El oficialismo actúa sobre el lenguaje de manera obsesiva. Conoce su importancia. Ha aprendido que a veces las palabras son más eficaces que una Kalashnikov. En el terreno de la comunicación ha recuperado batallas que tenía perdidas en la calle. Son un ejército verbal asombroso. Tienen una envidiable disciplina en el vocabulario. Nadie encontrará a un solo funcionario que –en estos momentos– se refiera a la “oposición”. La instrucción es hablar de la derecha, de la ultraderecha. Y así se reitera por todo el mapa en cualquier voz oficial. Se escucha en las radios, se escribe en la prensa; solo así se pronuncia en las declaraciones públicas. Así también se va distribuyendo en las bases, entre la gente. Hasta que parezca una verdad.
Basta un breve registro desde aquellos días de febrero de 2014 hasta este instante para ver cómo la compleja y plural realidad ha sido tapada por una sentencia: “La derecha asesinó 43 personas en esas guarimbas”. Quien se hunda mínimamente en la historia, incluso desde la perspectiva radical de la izquierda, descubrirá que hay en esas palabras una versión falsa o incompleta de la realidad. Lo más cierto, por desgracia, son los muertos.
En esa frase no aparecen los funcionarios y escoltas que realizaron los primeros disparos en el centro de Caracas, hiriendo y asesinando a manifestantes. En esa frase no aparecen los miles de estudiantes golpeados, detenidos y procesados inconstitucionalmente. En esa frase no aparece el legítimo derecho de protestar –por la razón que sea– que tiene cualquier ciudadano. Pero la frase se promueve con pasmosa naturalidad. Con mayúsculas y signos de exclamación. La repetidora del poder la pronuncia como si fuera un hecho incuestionable.
Con esa misma manipulación del lenguaje, el diputado Cabello también enfrenta una discusión tan seria y difícil como una probable Ley de Amnistía. Da por sentado que los diputados no oficialistas son todos responsables de las trágicas muertes ocurridas en febrero de 2014. Dice que los victimarios no pueden perdonarse a ellos mismos. Es un método simple: con su discurso convierte a los parlamentarios en culpables y, desde esa sentencia, después los descalifica. No hacen falta más explicaciones. No son necesarias las evidencias. El discurso en sí mismo es una prueba. El lenguaje se transforma en una virtud moral que, además, legitima y sacraliza a quien lo ejerce. Si yo lo digo, todo puede ser verdad.

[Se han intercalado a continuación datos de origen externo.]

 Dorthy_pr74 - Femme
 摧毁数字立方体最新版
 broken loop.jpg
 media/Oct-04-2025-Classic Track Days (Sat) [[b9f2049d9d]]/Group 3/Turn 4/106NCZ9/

Ahora que andan tan guerreros y combatientes, sería muy saludable para los venezolanos recordar cuándo y por qué el oficialismo prefirió guardar silencio. Busquemos algunos ejemplos en años recientes: en mayo de 2015, el “bloque de la patria” se negó a debatir sobre la inseguridad. En ese mes, también impidió que se realizara un debate sobre la crisis económica. En abril de 2015 no aprobaron un debate sobre el lavado de dinero en Andorra, es decir, sobre la enorme corrupción en la que parece estar implicada Pdvsa. Tampoco quisieron que hubiera una discusión sobre el caso del Esequibo. Ni sobre la situación de las cárceles, ni sobre los apagones, ni sobre los acuerdos firmados con China, ni sobre la situación de los trabajadores siderúrgicos… por no citar casos francamente asquerosos: ¿sabes cuántas veces el bloque de la patria impidió que se hablara sobre el caso de Pdval y las toneladas de comida podrida? Nueve.
Una breve historia de los debates no aprobados por el oficialismo puede ser una radiografía directa. ¿Para quién trabajan? ¿A quiénes protegen? ¿Qué intereses defienden? En el larguísimo silencio parlamentario de todos estos años están las respuestas a todas estas preguntas.